Ich selbst habe mit Menschen mit Gehbehinderungen gearbeitet und solchen, die teilweise und gänzlich auf den Rollstuhl angewiesen waren. Gehen – und auch Transfers ins Auto, aus dem Bett usw. – betreffen Erdung, Gewichtsverlagerungen und Gleichgewicht, die möglichst intensiv, regelmäßig, aber sanft gepflegt werden sollten (in nächsten Newslettern mehr dazu).

Moshé Feldenkrais ging es darum, Gewahrsein und Bewusstheit zu gewinnen (dazu in einem folgenden Newsletter mehr). Er war Physiker, Verhaltensforscher und ein Experte in Judo. Zeitlebens war er ein wunderbarer erfindungsreicher Bewegungslehrer und Judolehrer, für Laien und für Experten. Deutlich hat er auf dieser Grundlage seine eigene Methode entwickelt. Und ebenso deutlich zeigt er, dass auch Judo noch verfeinert werden kann durch Bodenarbeit und körperliche Durchlässigkeit. In seine eigene Arbeitsweise, die Feldenkrais-Lektionen und die Funktionale Integration, flossen das Beobachten der frühen Versuche eines Babys ein, zu greifen, den Kopf zu heben, das spiralige Drehen, Rollen, robben, krabbeln, aufsitzen, knien …, dann das Studium der Lernentwicklung im Heranwachsen der Kinder zur Aufrichtung, zum menschlichen Gang, zu den Alltagsbewegungen des Neigens und Beugens, Springens, Hüpfens und Tanzens. Schließlich prägten Moshés lebenslange Erfahrungen mit kranken, behinderten und alten Menschen, mit Tänzern, … seine Arbeit.

Jede Bewegung ist eine Gewichtsverlagerung und also der Umgang mit der Schwerkraft, woraus sich das Balancieren durch das Leben formt und eine ständige Notwendigkeit, sich aufzufangen.

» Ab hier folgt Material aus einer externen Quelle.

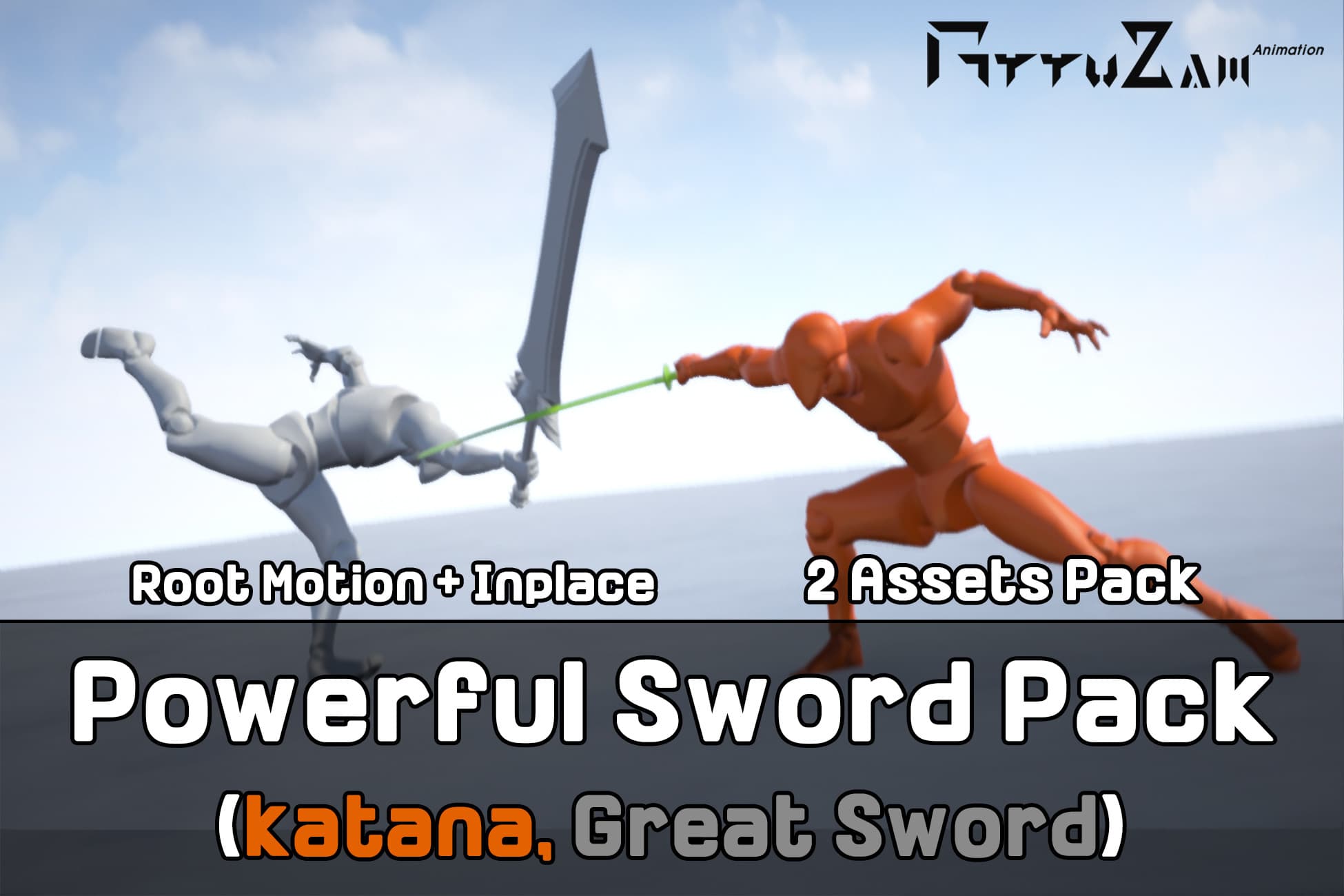 Powerful Sword Pack(Great Sword + Katana)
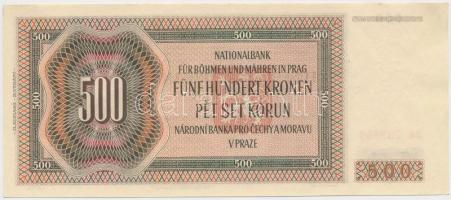 Német 3. Birodalom / Cseh-Morva Protektorátus 1942. 500K 2. kiadás T:I-
German Third Reich / Protect...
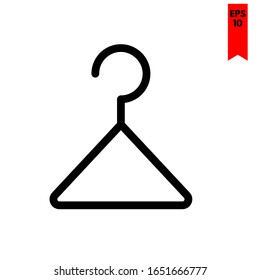 illustration of hanger flat icon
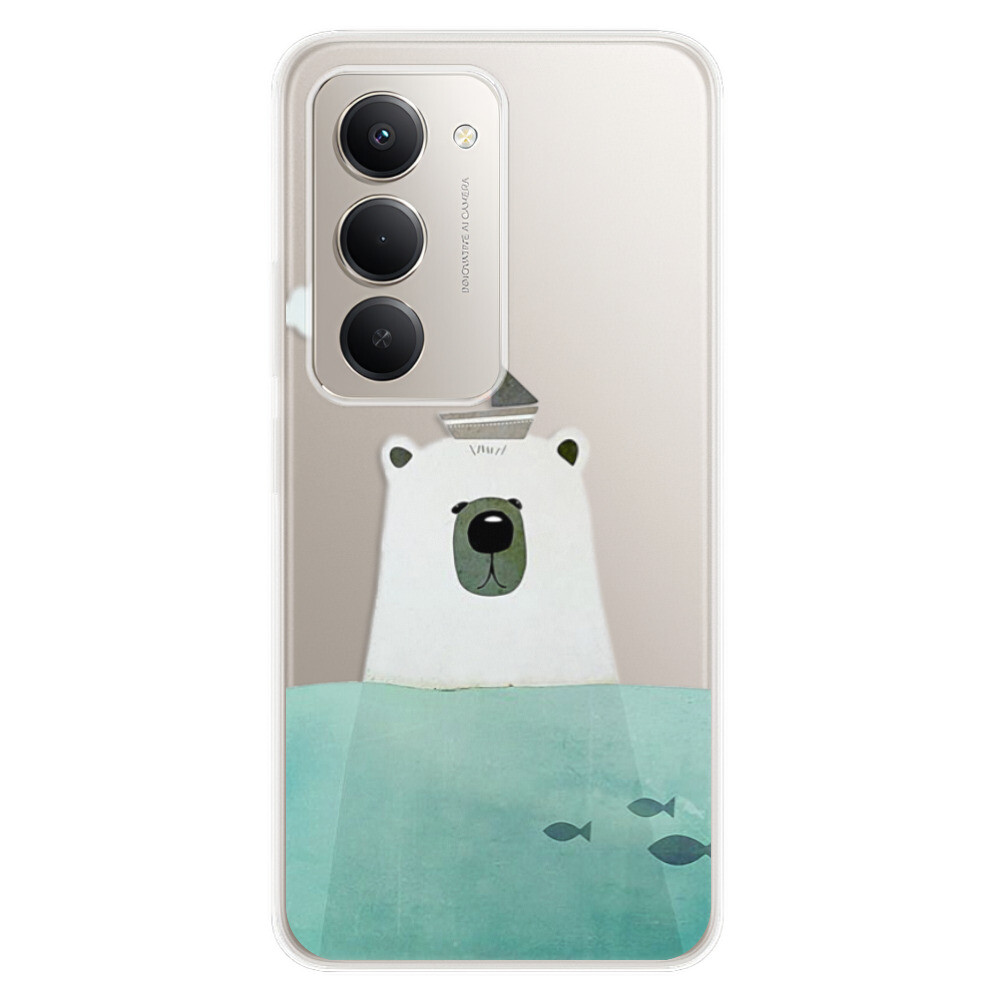 Odolné silikónové puzdro iSaprio - Bear With Boat - Xiaomi Redmi 15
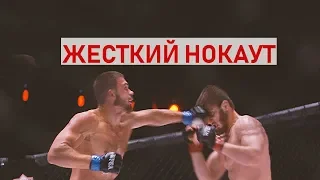 Жесткий нокаут  Егор Голубцов vs Мансур Джамбураев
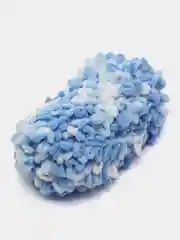Голубой пряжа Alize Puffy Fine color 5 штук  петельки маленькие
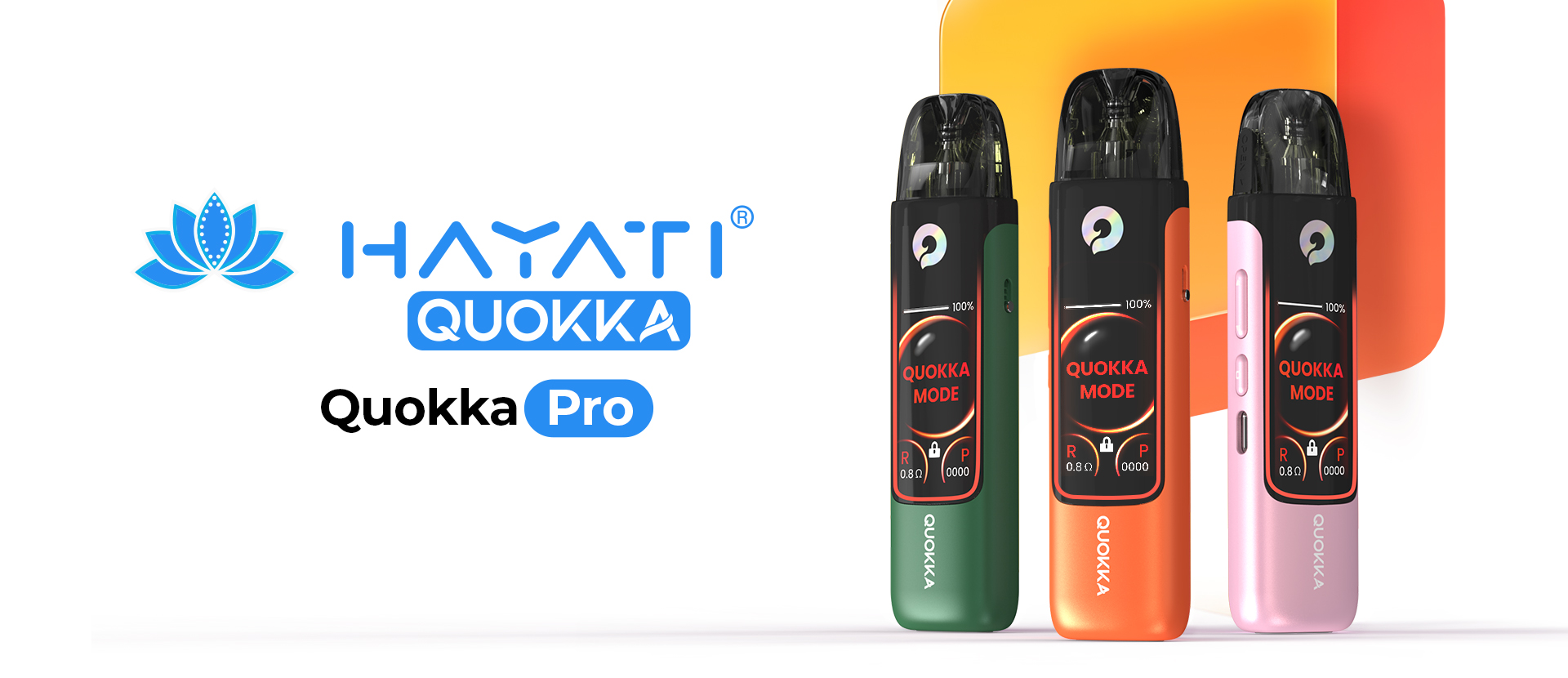 Hayati Quokka Pro Refillable Vape Kit — compact, stylish, adjustable airflow, 30W power, long-lasting 1100mAh battery, Type-C charging, UK‑made, versatile vaping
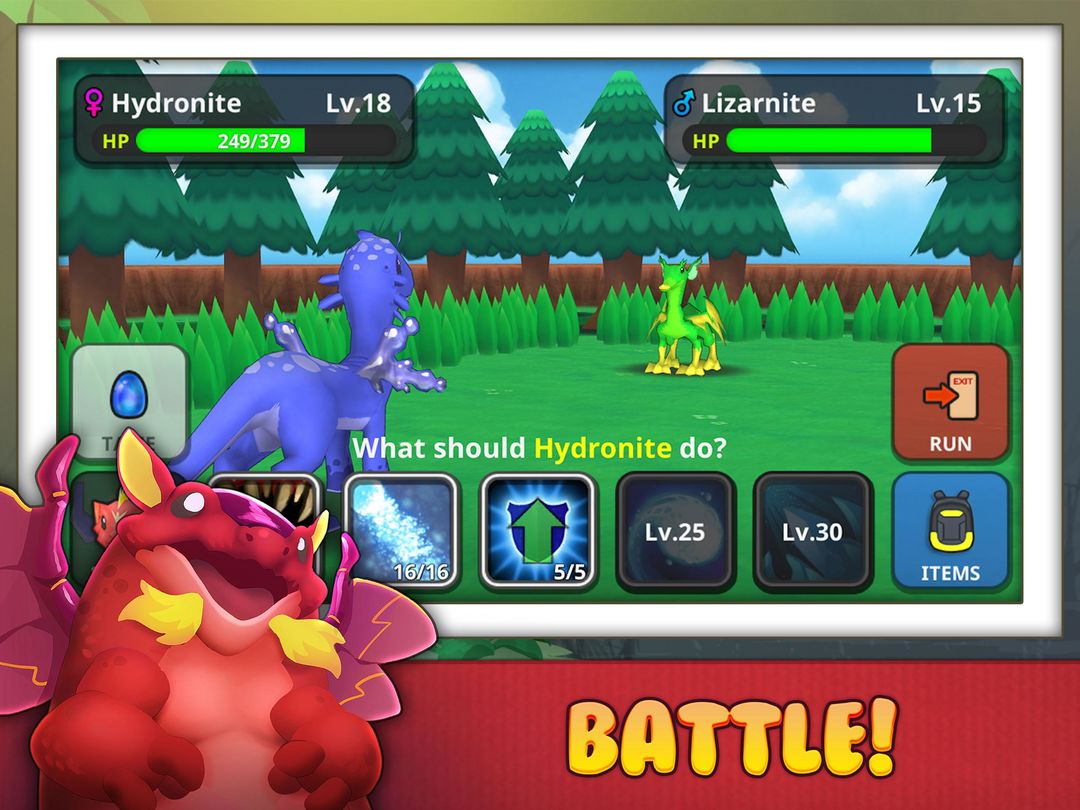 Screenshot of Drakomon - Monster RPG Game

Moshé Feldenkrais sieht als Errungenschaften eines vollständig ausbalancierten und erwachsenen Menschen u.a. dieses an:
a) Beweglichkeit der gesamten über 30 Gelenke der Füße
b) die Koordination aller Muskeln, Knochen, Glieder, Organe und die Flexibilität unserer Nerven-, Lern- und Geistesprozesse
c) die Kunst zu fallen und sich ohne Angst aus dem Gleichgewicht zu entlassen, sich der Dynamik und „off-balance“  zu ergeben, sich kontrolliert zu Boden lassen
d) der Erwerb von Bewegungsmustern, die weit über die eigenen Gewohnheiten hinausgehen
e) die Fähigkeit eines ausgereiften Erwachsenen, der seine Gefühle, Gedanken und Aktionen wahrnimmt und kontrollieren kann
f) ein glückliches erfülltes Leben zu gestalten
g) Bewusstheit, Selbständigkeit, Freiheit und Reife.

Man erkennt den tiefen Zusammenhang zwischen Körper und Geist, die All-Einheit im Mikrokosmos und Makrokosmos.

Seien Sie neugierig auf die Einzelheiten, auf die in den nächsten Folgen hier in diesem Kanal eingegangen wird!

Ihre Eva Weißmann

Eva Weißmann ist Feldenkrais-Lehrerin, Choreographin und Heilpraktikerin für Psychotherapie. Während ihrer akademischen und pädagogischen Karriere hat sie sich bereits intensiv mit Bewegung befasst, seit 40 Jahren mit der Feldenkraismethode; ihre weitere Ausbildung absolvierte sie u.a. in der Tiefenpsychologie von Dr. Arnold Mindell. Sie gibt besonders gerne Feldenkrais-Einzelbehandlungen, unterrichtet aber auch Feldenkrais-Lektionen in der Gruppe, Meditation, Yoga, Tanz, Supervision und Fortbildungen. Sie hat mehrere Bücher geschrieben und Artikel, darunter „Feldenkrais für Menschen mit MS“.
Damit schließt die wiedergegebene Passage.